======== Exercise input

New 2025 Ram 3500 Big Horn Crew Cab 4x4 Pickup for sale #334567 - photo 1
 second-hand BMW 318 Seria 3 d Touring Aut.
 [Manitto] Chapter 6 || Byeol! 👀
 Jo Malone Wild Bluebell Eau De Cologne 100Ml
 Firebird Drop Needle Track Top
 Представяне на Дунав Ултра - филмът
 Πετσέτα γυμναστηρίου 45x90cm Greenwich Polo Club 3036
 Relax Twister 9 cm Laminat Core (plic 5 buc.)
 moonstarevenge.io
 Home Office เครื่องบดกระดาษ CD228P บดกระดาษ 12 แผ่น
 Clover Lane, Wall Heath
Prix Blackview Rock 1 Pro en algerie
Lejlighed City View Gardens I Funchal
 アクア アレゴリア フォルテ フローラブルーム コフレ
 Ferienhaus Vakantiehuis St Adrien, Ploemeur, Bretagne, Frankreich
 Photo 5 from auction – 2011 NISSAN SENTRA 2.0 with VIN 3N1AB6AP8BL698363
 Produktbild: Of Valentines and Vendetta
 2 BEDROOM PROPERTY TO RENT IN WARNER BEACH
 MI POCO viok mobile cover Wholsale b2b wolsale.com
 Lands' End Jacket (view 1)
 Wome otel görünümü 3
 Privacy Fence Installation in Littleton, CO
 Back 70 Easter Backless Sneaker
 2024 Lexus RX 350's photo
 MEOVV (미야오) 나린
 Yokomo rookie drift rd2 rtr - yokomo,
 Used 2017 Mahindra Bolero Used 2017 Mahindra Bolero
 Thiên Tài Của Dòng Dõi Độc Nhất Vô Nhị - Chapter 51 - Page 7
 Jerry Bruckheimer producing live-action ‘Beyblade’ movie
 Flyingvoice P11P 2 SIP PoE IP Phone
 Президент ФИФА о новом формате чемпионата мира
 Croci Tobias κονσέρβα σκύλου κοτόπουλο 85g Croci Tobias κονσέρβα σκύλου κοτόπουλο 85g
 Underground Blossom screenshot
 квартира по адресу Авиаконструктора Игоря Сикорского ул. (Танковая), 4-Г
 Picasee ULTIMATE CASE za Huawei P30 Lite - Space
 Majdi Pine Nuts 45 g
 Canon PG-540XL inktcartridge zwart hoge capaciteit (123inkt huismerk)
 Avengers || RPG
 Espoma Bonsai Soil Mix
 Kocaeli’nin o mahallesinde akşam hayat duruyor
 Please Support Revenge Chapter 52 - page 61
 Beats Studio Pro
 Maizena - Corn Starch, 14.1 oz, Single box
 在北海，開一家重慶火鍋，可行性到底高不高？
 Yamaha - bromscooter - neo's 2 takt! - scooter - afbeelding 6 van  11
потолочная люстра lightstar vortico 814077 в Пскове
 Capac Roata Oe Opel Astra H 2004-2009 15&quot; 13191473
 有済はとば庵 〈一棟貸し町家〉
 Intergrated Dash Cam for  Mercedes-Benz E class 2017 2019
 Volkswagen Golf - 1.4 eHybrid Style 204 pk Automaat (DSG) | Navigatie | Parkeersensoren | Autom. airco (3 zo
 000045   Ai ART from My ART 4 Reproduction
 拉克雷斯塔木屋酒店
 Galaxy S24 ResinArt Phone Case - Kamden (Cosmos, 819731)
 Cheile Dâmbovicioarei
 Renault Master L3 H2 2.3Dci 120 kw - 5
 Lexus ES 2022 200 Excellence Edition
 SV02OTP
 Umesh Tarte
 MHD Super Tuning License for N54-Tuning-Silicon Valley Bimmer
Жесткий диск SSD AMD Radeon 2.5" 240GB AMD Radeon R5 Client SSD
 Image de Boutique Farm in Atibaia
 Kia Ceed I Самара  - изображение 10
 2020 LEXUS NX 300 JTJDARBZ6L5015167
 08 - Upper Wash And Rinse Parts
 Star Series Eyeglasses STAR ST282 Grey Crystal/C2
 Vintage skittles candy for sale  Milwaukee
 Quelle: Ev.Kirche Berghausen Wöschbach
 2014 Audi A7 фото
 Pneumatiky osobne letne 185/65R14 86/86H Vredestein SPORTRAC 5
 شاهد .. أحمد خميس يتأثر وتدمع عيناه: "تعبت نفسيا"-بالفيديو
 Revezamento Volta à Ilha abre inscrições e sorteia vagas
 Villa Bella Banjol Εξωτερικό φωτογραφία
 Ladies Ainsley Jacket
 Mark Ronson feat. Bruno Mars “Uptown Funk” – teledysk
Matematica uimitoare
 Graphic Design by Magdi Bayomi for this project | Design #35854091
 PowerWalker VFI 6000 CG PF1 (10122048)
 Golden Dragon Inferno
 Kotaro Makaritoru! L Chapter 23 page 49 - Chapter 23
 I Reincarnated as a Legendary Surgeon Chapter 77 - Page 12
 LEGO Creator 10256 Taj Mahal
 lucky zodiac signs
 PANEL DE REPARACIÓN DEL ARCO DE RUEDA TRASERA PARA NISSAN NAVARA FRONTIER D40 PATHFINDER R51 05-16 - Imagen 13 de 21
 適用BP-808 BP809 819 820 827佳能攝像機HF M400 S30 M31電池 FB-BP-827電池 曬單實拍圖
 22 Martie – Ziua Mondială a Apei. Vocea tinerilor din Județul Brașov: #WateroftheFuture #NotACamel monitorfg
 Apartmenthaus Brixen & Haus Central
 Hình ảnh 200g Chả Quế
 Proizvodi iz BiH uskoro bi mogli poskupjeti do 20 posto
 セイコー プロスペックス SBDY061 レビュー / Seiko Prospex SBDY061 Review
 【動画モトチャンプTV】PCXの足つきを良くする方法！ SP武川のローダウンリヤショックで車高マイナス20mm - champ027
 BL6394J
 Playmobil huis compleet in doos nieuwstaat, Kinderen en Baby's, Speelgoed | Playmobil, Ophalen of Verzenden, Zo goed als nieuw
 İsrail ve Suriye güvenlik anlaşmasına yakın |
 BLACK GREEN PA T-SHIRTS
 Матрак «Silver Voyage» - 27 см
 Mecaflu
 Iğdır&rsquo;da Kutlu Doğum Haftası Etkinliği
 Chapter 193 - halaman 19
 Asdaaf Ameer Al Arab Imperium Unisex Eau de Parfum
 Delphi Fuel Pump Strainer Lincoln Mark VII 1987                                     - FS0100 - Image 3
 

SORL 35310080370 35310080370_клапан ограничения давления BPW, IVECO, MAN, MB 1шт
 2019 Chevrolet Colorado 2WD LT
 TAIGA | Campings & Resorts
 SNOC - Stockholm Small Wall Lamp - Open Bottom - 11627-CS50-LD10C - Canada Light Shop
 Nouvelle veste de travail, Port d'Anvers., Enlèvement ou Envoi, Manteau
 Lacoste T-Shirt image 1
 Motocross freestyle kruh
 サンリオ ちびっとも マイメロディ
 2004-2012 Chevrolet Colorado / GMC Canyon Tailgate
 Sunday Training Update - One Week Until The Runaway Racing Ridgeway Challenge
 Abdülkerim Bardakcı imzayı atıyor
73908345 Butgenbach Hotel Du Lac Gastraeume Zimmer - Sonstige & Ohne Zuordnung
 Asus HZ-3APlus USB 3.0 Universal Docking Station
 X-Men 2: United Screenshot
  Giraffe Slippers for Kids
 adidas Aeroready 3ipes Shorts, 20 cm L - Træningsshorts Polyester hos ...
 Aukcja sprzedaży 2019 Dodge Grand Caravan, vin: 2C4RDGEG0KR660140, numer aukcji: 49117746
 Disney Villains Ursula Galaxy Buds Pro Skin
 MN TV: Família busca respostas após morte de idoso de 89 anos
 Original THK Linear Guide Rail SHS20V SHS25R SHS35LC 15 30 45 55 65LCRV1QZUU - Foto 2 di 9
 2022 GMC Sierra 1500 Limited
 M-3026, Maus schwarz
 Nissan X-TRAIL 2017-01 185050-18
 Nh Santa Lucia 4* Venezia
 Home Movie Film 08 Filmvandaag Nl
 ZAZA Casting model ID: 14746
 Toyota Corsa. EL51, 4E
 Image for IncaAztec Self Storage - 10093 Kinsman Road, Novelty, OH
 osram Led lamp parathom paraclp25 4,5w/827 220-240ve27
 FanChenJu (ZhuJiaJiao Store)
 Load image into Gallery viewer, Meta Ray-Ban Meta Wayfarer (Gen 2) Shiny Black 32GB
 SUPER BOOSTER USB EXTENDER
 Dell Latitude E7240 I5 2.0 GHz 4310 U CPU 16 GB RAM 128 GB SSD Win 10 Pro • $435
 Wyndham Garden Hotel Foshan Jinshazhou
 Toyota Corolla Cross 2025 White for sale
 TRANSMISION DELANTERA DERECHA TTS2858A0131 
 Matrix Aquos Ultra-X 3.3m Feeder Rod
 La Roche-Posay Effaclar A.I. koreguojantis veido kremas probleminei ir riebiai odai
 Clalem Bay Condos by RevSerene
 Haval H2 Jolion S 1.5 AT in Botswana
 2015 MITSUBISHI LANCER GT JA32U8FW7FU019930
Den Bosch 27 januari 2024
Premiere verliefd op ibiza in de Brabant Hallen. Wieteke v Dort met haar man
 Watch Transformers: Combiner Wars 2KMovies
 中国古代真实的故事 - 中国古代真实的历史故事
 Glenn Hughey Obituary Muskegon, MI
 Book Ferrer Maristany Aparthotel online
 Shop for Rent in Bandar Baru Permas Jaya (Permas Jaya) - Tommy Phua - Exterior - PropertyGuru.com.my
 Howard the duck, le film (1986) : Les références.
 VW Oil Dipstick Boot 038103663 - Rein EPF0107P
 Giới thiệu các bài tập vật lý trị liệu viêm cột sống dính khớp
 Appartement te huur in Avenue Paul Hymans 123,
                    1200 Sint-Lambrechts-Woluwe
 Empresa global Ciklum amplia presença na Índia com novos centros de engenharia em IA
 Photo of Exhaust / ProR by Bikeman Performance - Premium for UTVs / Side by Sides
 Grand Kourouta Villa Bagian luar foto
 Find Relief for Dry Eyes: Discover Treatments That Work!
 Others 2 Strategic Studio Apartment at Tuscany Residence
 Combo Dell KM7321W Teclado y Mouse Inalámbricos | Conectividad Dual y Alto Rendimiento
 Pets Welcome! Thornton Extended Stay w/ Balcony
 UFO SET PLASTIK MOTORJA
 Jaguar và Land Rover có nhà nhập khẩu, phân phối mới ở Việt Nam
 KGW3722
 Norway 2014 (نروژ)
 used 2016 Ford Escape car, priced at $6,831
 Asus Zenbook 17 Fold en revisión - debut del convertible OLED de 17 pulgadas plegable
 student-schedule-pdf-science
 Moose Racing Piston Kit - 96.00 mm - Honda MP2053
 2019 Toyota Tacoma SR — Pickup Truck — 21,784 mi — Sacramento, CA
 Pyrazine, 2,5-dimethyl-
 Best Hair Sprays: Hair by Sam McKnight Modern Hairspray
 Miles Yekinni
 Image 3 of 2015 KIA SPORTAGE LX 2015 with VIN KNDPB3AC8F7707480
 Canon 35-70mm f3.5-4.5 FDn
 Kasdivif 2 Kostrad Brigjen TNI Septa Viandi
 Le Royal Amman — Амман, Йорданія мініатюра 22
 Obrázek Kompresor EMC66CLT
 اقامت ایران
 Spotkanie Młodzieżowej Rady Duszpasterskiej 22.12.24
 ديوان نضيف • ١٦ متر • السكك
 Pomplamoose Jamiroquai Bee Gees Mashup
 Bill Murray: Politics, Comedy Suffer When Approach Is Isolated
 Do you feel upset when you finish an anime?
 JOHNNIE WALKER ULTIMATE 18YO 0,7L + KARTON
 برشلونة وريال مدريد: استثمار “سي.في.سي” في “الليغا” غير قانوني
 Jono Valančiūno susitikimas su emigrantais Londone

================

• _About this exercise_: The expected output is exactly the lines of the listing above between the line holding "UFO SET PLASTIK MOTORJA" and the line holding "Pomplamoose Jamiroquai Bee Gees Mashup", inclusive.

• _Answer to the problem_:
 UFO SET PLASTIK MOTORJA
 Jaguar và Land Rover có nhà nhập khẩu, phân phối mới ở Việt Nam
 KGW3722
 Norway 2014 (نروژ)
 used 2016 Ford Escape car, priced at $6,831
 Asus Zenbook 17 Fold en revisión - debut del convertible OLED de 17 pulgadas plegable
 student-schedule-pdf-science
 Moose Racing Piston Kit - 96.00 mm - Honda MP2053
 2019 Toyota Tacoma SR — Pickup Truck — 21,784 mi — Sacramento, CA
 Pyrazine, 2,5-dimethyl-
 Best Hair Sprays: Hair by Sam McKnight Modern Hairspray
 Miles Yekinni
 Image 3 of 2015 KIA SPORTAGE LX 2015 with VIN KNDPB3AC8F7707480
 Canon 35-70mm f3.5-4.5 FDn
 Kasdivif 2 Kostrad Brigjen TNI Septa Viandi
 Le Royal Amman — Амман, Йорданія мініатюра 22
 Obrázek Kompresor EMC66CLT
 اقامت ایران
 Spotkanie Młodzieżowej Rady Duszpasterskiej 22.12.24
 ديوان نضيف • ١٦ متر • السكك
 Pomplamoose Jamiroquai Bee Gees Mashup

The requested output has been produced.